Does agent-stack-k8s require podSpec?

I’m evaluating using agent-stack-k8s for Kubernetes pipelines. The documentation makes it seem like the “podSpec” field is required, and that it would ignore any “command” steps that specify a script, although that isn’t explicitly stated.

However, I ran the following test pipeline, and it succeeded with the expected output.

steps:
  - label: test
    command:
    - echo "Hello world top level" && sleep 60
    agents:
      queue: staging-k8s
    plugins:
    - kubernetes:
        gitEnvFrom:
        - secretRef:
            name: agent-stack-ssh

I also ran the following:

steps:
  - label: test
    command:
    - echo "Hello world top level"
    agents:
      queue: staging-k8s
    plugins:
      - kubernetes:
          gitEnvFrom:
            - secretRef:
                name: agent-stack-ssh
        podSpec:
          containers:
          - image: busybox:latest
            command:
            - /bin/sh
            args:
            - "-c"
            - "'echo Hello world in container'"
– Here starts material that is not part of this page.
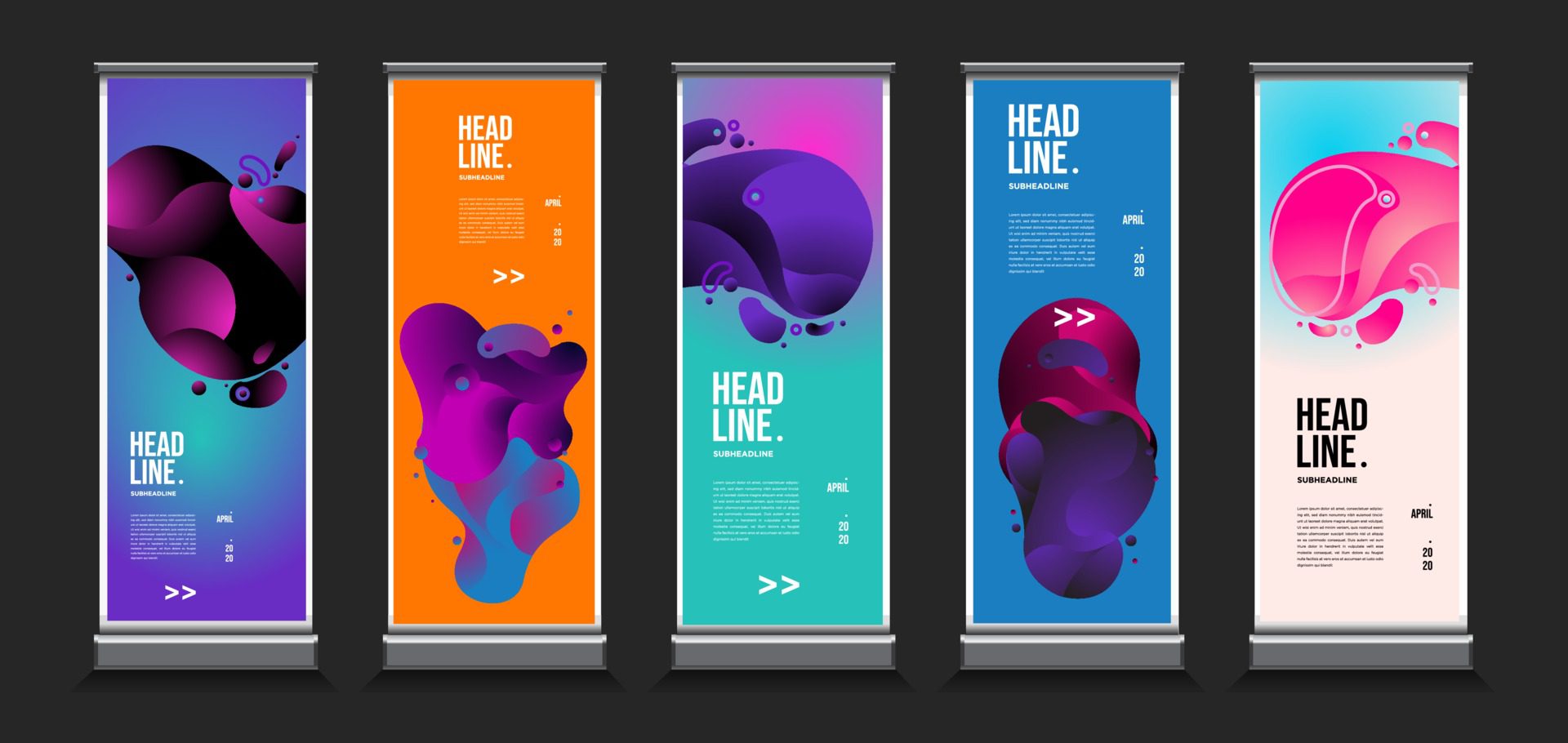 Vector colorful geometric and curve roll up banner Free Vector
and only got the output “Hello world in container”, seemingly ignoring the “Hello world top level” from the command script.

I note that in both cases the corresponding pod manifest set the environment variable BUILDKITE_SCRIPT_PATH to contain the script I provided.

So I have the following questions:

  • Is podSpec actually required by the kubernetes plugin and agent-stack-k8s? Or is the first example’s behavior expected and officially supported?
  • If podSpec is provided, is ignoring the command script the expected behavior, or is running both scripts what’s expected? (i.e. is this a bug?)
  • If either behavior is expected, should the agent-stack-k8s documentation and/or examples be updated to note this use case? I would love for at least the former to be supported since that would make converting existing steps simple (just add the plugins: [kubernetes: {gitEnvFrom: agent-stack-ssh}] field), as opposed to completely rewriting the steps to embed their commands inside of the podSpec.

Hello again @mbarrien!

Thanks for the question - hope you’ve been well :wave:

For both pointers #1 and #2 - that can fortunately be answered with the way that the scheduler in the K8s plugin parses plugin definitions. Upon creation, a job wrapper is created and for which the plugins specified by it are parsed. Further down, the Kubernetes job is then built - and specifically, if there is no podSpec defined in the kubernetes plugin, defaults are used (agent container and substituted step (job) level command respectfully). The latter case where you had both a podSpec and a step (job) level command also explains the behaviour that you saw from the code above: since there was a podSpec definition in the kubernetes plugin, its config was parsed and hence why its echo/sleep commands were run from within the busybox container (as parsed and created by the controller)

The folks behind the Kubernetes stack are always keen on improvements that can be made with it - you’re welcome to submit any issue onto the repo: and in tandem, I’ll get this up to the folks to parlay into improvements (and potentially cleaner explanations for the order of config operations - especially if there is both a top-level command along with a podSpec definition).

Thanks for pointing me at the code and showing me the behavior is hardcoded in. (And I see that the behavior was added in Run command jobs with no plugin config by benmoss · Pull Request #36 · buildkite/agent-stack-k8s · GitHub). My biggest question in that case is, can we rely on this behavior (falling back on “command” if no podSpec is provided) officially, or can this behavior be removed in future versions of agent-stack-k8s, since it isn’t officially documented? I don’t want to rely on undocumented features based on examining what the code does, and then have it ripped away later on if your team decides to go a different route.

Thanks!

No worries! :slight_smile:

I’ve brought the callout of said functionality up with the repo owners: since its inclusive in code, you’re definitely implored to rely on the functionality - its just a case where the explanation that the above feature and respective PR was missed (and also with some examples too - which is where I’ve called out for a specific example / few to make it clear).